Some Things You Just Have To Learn The Hard Way

Yesterday morning, Halloween, was a prime example of One Of Those Days. Don’t get me wrong – it had its moments that were perfect enough for a Hallmark card. Like when I giddily returned home a few minutes before 7 a.m., exhausted and sweat-soaked but on a temporary high after having dragged myself out of bed for a 5:45 spin class. Or when, suspicious of the silence in the living room, I investigated – and discovered the girls on the floor, in front of the doodle board, with four-year-old Kimmie trying to teach two-year-old Essie how to play tic-tac-toe.

But those sweet occasions were offset by the chaos of folding clothes in one pile while kiddos unfolded them in another; of trying to wrestle something away from Kimmie (I don’t even remember what) while Essie used the distraction to scribble on the walls; and of constantly finding that what I needed to get done was on a different floor of the house than at least one of them.

Learning Things the Hard Way

Around 9am, I finally gave up on trying to get Kimmie to eat her breakfast, and headed upstairs with Essie in tow, having left a banana and a bowl of dry cereal at Kimmie’s place at the table.
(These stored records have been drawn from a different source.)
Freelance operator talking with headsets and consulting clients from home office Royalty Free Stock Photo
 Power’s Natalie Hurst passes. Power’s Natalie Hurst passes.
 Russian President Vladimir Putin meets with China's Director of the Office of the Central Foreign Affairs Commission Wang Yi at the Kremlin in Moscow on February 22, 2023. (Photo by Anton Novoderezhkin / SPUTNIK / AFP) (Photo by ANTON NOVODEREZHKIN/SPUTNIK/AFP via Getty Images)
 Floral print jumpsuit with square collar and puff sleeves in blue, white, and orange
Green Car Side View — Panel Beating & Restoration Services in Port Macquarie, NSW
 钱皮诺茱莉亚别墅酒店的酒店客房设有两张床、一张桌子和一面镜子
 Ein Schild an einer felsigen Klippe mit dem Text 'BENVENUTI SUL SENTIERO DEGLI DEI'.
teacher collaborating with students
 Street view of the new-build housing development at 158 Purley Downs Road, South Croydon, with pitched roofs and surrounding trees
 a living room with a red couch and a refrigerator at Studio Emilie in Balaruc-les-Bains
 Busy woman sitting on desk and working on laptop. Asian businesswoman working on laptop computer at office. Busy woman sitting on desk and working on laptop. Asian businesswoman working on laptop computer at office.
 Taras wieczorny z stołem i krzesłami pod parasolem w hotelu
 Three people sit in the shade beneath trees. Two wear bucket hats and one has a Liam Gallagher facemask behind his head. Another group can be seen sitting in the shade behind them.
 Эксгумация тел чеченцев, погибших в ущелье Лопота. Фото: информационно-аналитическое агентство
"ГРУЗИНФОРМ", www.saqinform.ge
When I checked on her a short while later, I found Kimmie staring at what was left of her cereal. Apparently she’d used my absence to see what happens if you dump several tablespoons of salt on your breakfast.
“So, you poured salt all over your cereal, huh?”
“Yeah.”
“Do you think that was a good idea?”
“No.”
When I asked her how it tasted, as she picked another piece out of the salt pile, she said, “Yucky.” When I asked her if she thought she’d ever be tempted to pour that much salt on her breakfast (or anything else) again, she was quick to answer “Noooooo!”

You can tell someone over and over again that something isn’t a good idea, but sometimes they just have to figure it out for themselves. The hard way.

Sometimes we all need the freedom to make our own mistakes and learn things the hard way. Halloween candy provides a great opportunity.

I’m one of those people who often has to learn things the hard way. At least two or three times – once usually isn’t enough for me. So far, though, none of us is suffering any ill effects from my latest effort to teach us all a lesson.

What too much Halloween candy has to do with learning things the hard way:

The day before Halloween, I found myself with two kids who had already amassed a fair bit of Halloween loot, between trunk-or-treating at church and a trick-or-treating event we stumbled across one weekend in mid-October at a museum. Having apparently forgotten that I only operate at human speed, after lunch each of my offspring asked about four times for a piece of candy from the stash. That is, four times in the course of about ten seconds, without pausing for breath between requests.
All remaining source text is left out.